How to Configure a Remote Data Store for Prometheus

November 13, 2024 · 10 min read

Founder @IncidentHub.cloud

Introduction

This article is part of a series on setting up an end-to-end monitoring and alerting stack using Prometheus.

The Prometheus monitoring tool can store its metrics either locally or remotely. You can configure a remote data store using the remote_write configuration. This article describes the various data store options available as well as how to set up a remote store.

Overview of Remote Storage

By default, Prometheus stores data locally wherever it is installed. The data directory can be configured by using the --storage.tsdb.path command line option when starting Prometheus. In practice you can use a separate disk for higher performance attached to the machine where Prometheus is running.

However, this may not be possible or optimal in all situations as you might want a data store that is more suited for time series data, and has larger storage capabilities for higher data retention. Prometheus would usually run in a standalone VM or a Kubernetes pod or a Docker container, and it would not have access to such data stores by default.
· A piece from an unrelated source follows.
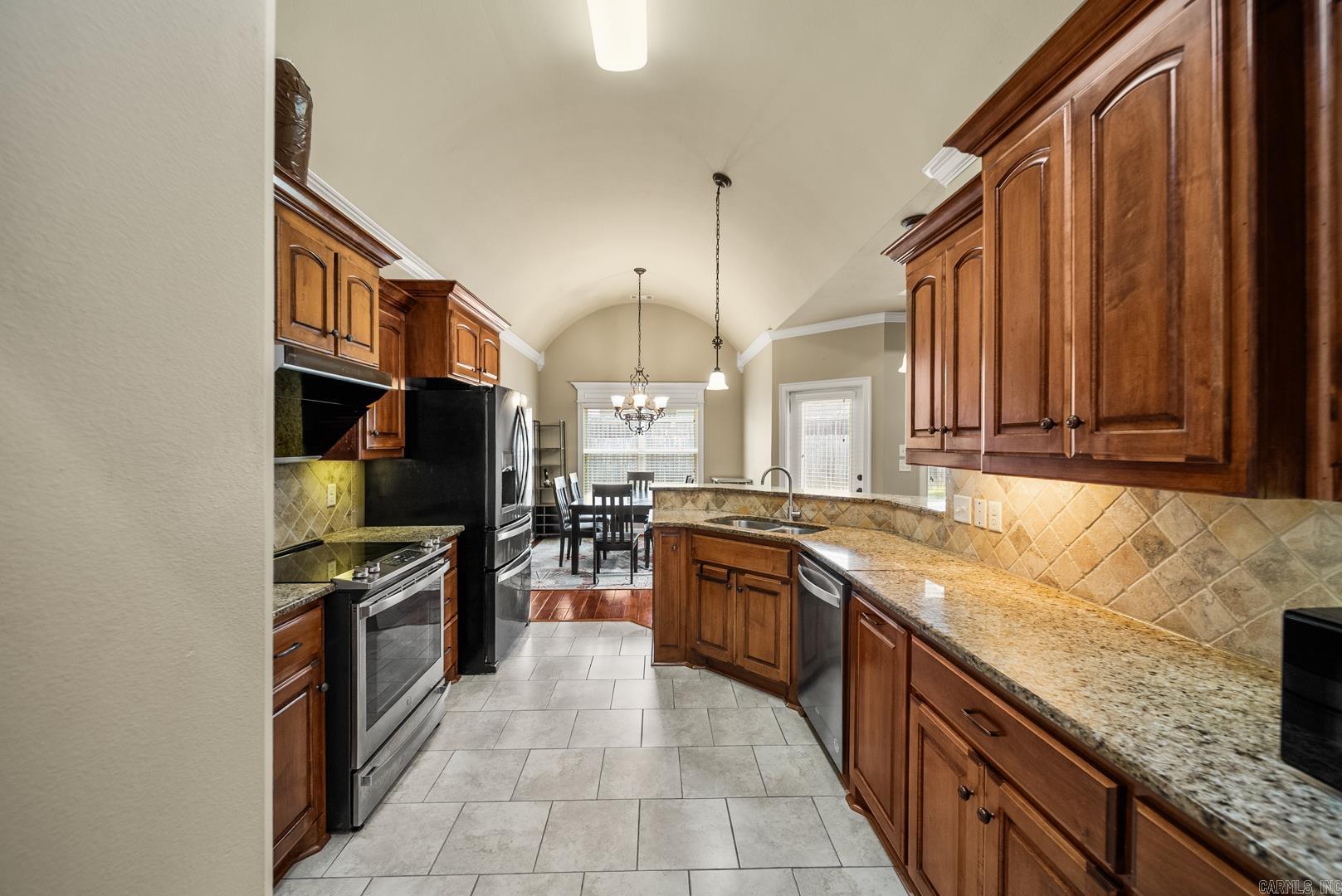 6139 Remington Drive Property Photo 16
A remote store can add these capabilities to Prometheus. The remote storage option can be set by using the remote_write key in the Prometheus configuration YAML file.

Introduction
Overview of Remote Storage
Remote Store Architecture
Remote Store Configuration
Remote Storage Options
Troubleshooting
- Prometheus failing to write to the remote storage
Best Practices
Conclusion
FAQ

Remote Store Architecture

Remote Store Configuration

Basic Syntax

A very simple configuration for a remote store that accepts unauthenticated connections would look like this:

remote_write:
- url: "http://192.168.23.4/api/v1/write"
  name: "production-metrics"

You can have multiple remote_write sections in the same Prometheus configuration.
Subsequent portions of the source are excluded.